HIV infection was defined as a positive serologic test for HIV antibodies. Liver, kidney, heart and lung diseases were considered if there was a record of a previous medical follow-up for these conditions. The patients' present residences were divided into six zones: central (within a 5-km radius from the central point of the city), north, south, east, west, and outside the city perimeter. For the multivariate analysis the residence was considered central (within a 10-km radius from the central point) or peripheral. Information about current or previous use of antimicrobial agents was obtained from the patients or their relatives or from unmistakable evidence in the patients' chart. If not, antimicrobial use was considered unknown. Age was divided into three categories based on previously suggested high-risk age groups: younger than 4 years, from 4 to 64 years, and older than 64 years.

The data were organized using the EpiInfo software (version 6.02, Centers for Disease Control and Prevention, Atlanta, GA, USA).
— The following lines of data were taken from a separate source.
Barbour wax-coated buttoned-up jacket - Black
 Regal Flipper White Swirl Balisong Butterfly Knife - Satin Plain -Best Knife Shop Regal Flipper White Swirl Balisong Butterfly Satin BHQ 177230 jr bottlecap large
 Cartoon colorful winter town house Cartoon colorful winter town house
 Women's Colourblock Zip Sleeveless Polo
The group of patients infected with penicillin-nonsusceptible S. pneumoniae was compared with the penicillin-susceptible infection group. For dichotomous variables the results were expressed as odds ratios and 95% confidence intervals and the chi-square test or Fisher exact test was applied. When there were more than two categories only the chi-square test was used. For continuous variables, the mean data were compared by the Kruskal-Wallis test. Significance was set at 0.05.

Variables with P£0.20 in the univariate analysis were included in the multivariate analysis, which was performed by multiple logistic regression using the Stata program (version 7, StataCorp, College Station, TX, USA).

Results

The study involved 165 patients, 56% of whom were males. There were 107 adults (above 14 years of age) and 58 children. Mean (± SD) age was 43 ± 18 years for adults and 30 ± 32 months for children.

Most patients (76%) presented underlying conditions such as cancer (N = 20), liver disease (N = 18), HIV infection (N = 17), chronic lung disease (N = 13), steroid use within the previous month (N = 10), chronic heart disease (N = 8), renal failure (N = 8), and chemotherapy in the previous month (N = 8).

There were 128 (77.6%) isolates susceptible to penicillin, 21.8% relatively resistant, and one resistant isolate (MIC: 4 µg/ml). MIC50 for penicillin was 0.03 µg/ml and MIC90 was 0.25 µg/ml. Data concerning susceptibility to penicillin and other drugs and serotypes have been described elsewhere (8,10,11).

Twenty-six patients were considered to be noninfected carriers and 139 (84%) presented infection which was invasive in 122 (88%). The infections were: pneumonia (44%), CNS infections (19%), pelvic or abdominal infections (12%), upper airway or ocular infections (12%), primary bloodstream infections or endocarditis (9%), and skin or soft tissue infections (5%). Overall mortality was 25% for patients with pneumococcal infection, 33% in adults and 14% in children.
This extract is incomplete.